Contrario a lo que pudiera hacernos creer el sentido común, los seres humanos no se asocian como un acto de buena voluntad, simpatía o placer. Hombres y mujeres están predeterminados para agruparse debido a que fue de esa manera que se produjo el surgimiento de la especie. Más bien, la gente se agrupa por una exigente necesidad de supervivencia.
El Homo Sapien, primer exponente de lo que hoy es el hombre, necesitó unirse para sobrevivir en medio de fieras y otros animales que le superaban en fuerza y condiciones para soportar las inclemencias de la Naturaleza.
La mayoría de los integrantes del Reino Animal podían caminar y agenciarse la vida desde poco después de nacer. El humano requería y requiere protección durante meses y años para lograr alguna independencia. En la búsqueda del agua y el alimento el hombre primitivo necesitó agruparse armado de huesos y garrotes para abrirse paso en medio de las bestias y retornar a su caverna con lo imprescindible para mantenerse junto a la mujer y los hijos.
De esa gregariedad, reforzada por la evidencia de que en grupo los trabajos se hacían más productivos, llevaderos y menos agotadores, el hombre descubrió la virtud de la solidaridad. Desde esa etapa remota la raza humana es social o gregaria, como la describiera Aristóteles. No nos agrupamos por amor sino por necesidad.
Por tales razones la Psicología resalta la necesidad de pertenencia en el humano. Es preciso pertenecer a familias, sectores, iglesias, partidos, logias, clubes, patrias, países, y últimamente a redes sociales. La soledad es una peligrosa patología en los humanos.

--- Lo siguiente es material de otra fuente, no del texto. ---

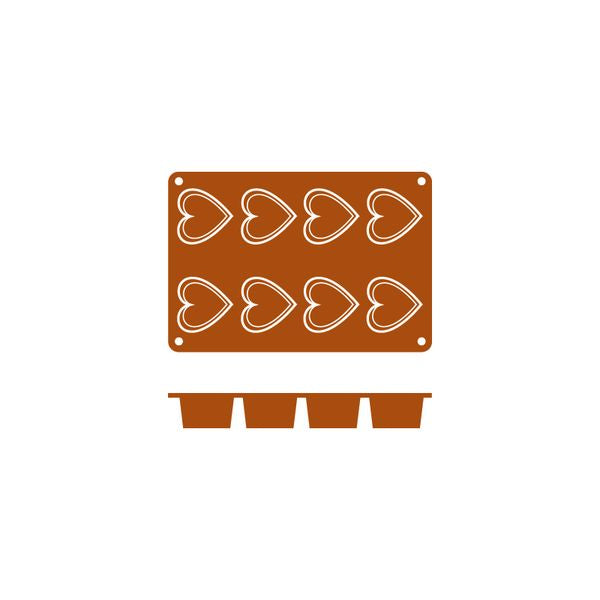 Frenti SILICON SILICON MOULD-CORAZON | 8-CUP  (Each)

Ante esa “condena” de vivir juntos, surgió la necesidad de que la sociedad de desarrolle sanamente, de manera que la asociación se vuelva gratificante y duradera. Es lo que justifica la ética en los planos social e individual. “Ama a tu prójimo como a ti mismo”, principio de ética judeo cristiana. “No le hagas al otro lo que no quiera que te hagan a ti”, sentencia presente en todos los códigos éticos.
Los grandes líderes son, en esencia, buenos psicólogos sociales. Problemas que aquejan actualmente a la sociedad, como la inseguridad ciudadana, podrían enfrentarse positivamente con la organización de la gente en procura de soluciones de bien común.
Una muestra de la efectividad de este enfoque la constituye la promoción que hace el Presidente Danilo Medina entre los pequeños productores agropecuarios para que se organicen en cooperativas y asociaciones, con resultados extraordinariamente positivos, medidos en la mejoría de la vida rural y en la disponibilidad de alimentos de calidad y a buenos precios en el mercado local y para exportación.
Unidad frente al crimen
Un trabajo de psicología social es imprescindible para poder generar en los diferentes sectores núcleos conscientes de la necesaria unidad y solidaridad como mecanismo de combate a la delincuencia.
Con vecinos indiferentes a la suerte del prójimo más cercano, es muy difícil que se pueda controlar o reducir la delincuencia. Mientras los delincuentes se asocian para “trabajar” y la gente decente se aísla cada vez más, no puede haber garantías para la seguridad ciudadana.
Recientemente, el jefe de la Policía Nacional, mayor general Manuel E. Castro Castillo, hacía un dramático llamado a la unidad para el combate a la criminalidad que a todos nos amenaza.
“El problema de la delincuencia y la violencia social no es un asunto exclusivo de las autoridades, tenemos que integrarnos todos, las fuerzas policiales, las fuerzas armadas dominicanas, las iglesias, los clubes, las juntas de vecinos, y lo que es más importante, la familia”, dijo.
Ese trabajo de psicología social, demorado pese a los esfuerzos Históricos de Eugenio María de Hostos, Juan Bosch, Antonio Zaglul, José Silié Gatón y otros, debe unificarnos ahora en una jornada contra los peligrosos signos de disolución que amenazan la integridad del núcleo familiar y de la misma sociedad dominicana.